• [Directions for this task]: Could you output exactly the lines running from the one containing "Un coureur en" to the final line of the listing below, leaving out pictures?

• [Dataset content]:
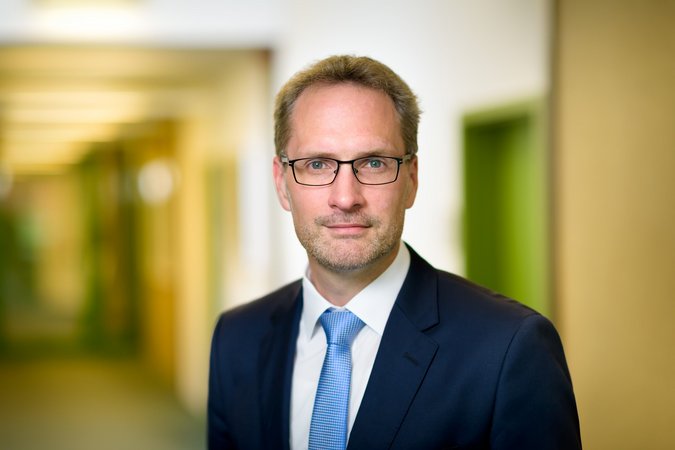 Thorsten Rattmann - Geschäftsführer Stadtwerke Herten Ein blonder Mann mit Brille und blauem Anzug mit hellblauer Krawatte steht vor unscharfem Hintergrund. Er repräsentiert den Geschäftsführer der Stadtwerke Herten.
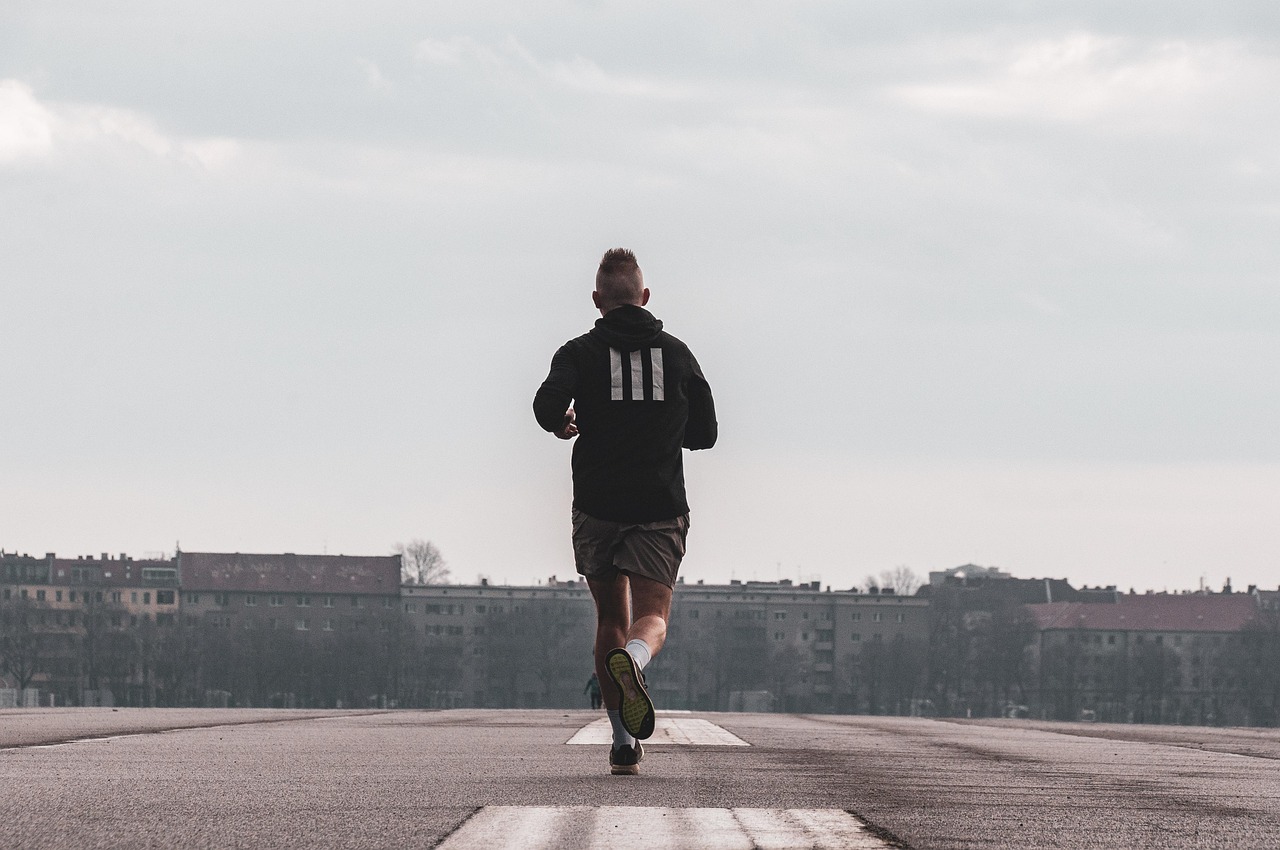 Un coureur en tenue sportive sur une voie urbaine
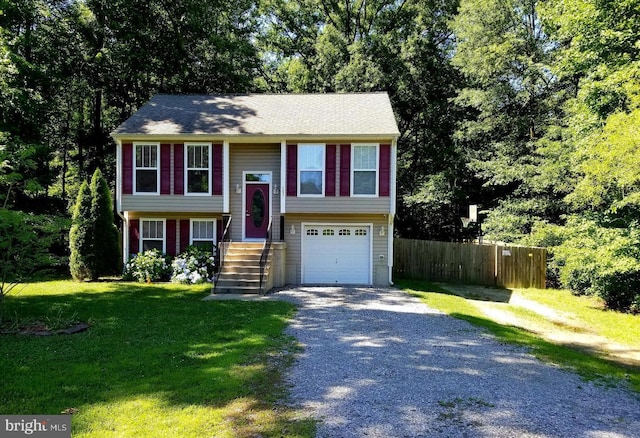 bi-level home with a garage and a front lawn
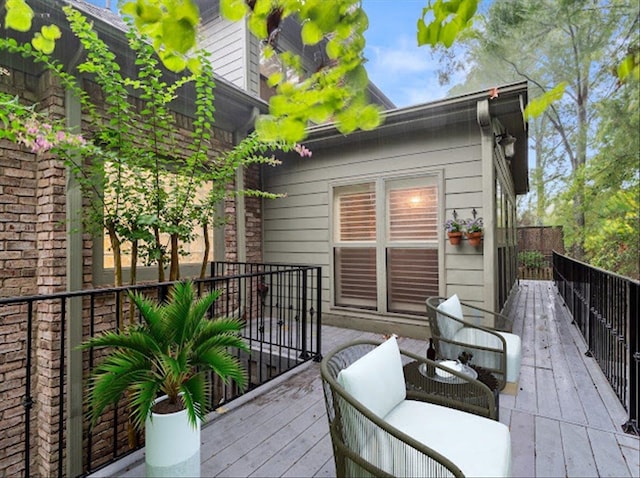 wooden deck with an outdoor living space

• [Exercise output]:
 Un coureur en tenue sportive sur une voie urbaine
 bi-level home with a garage and a front lawn
 wooden deck with an outdoor living space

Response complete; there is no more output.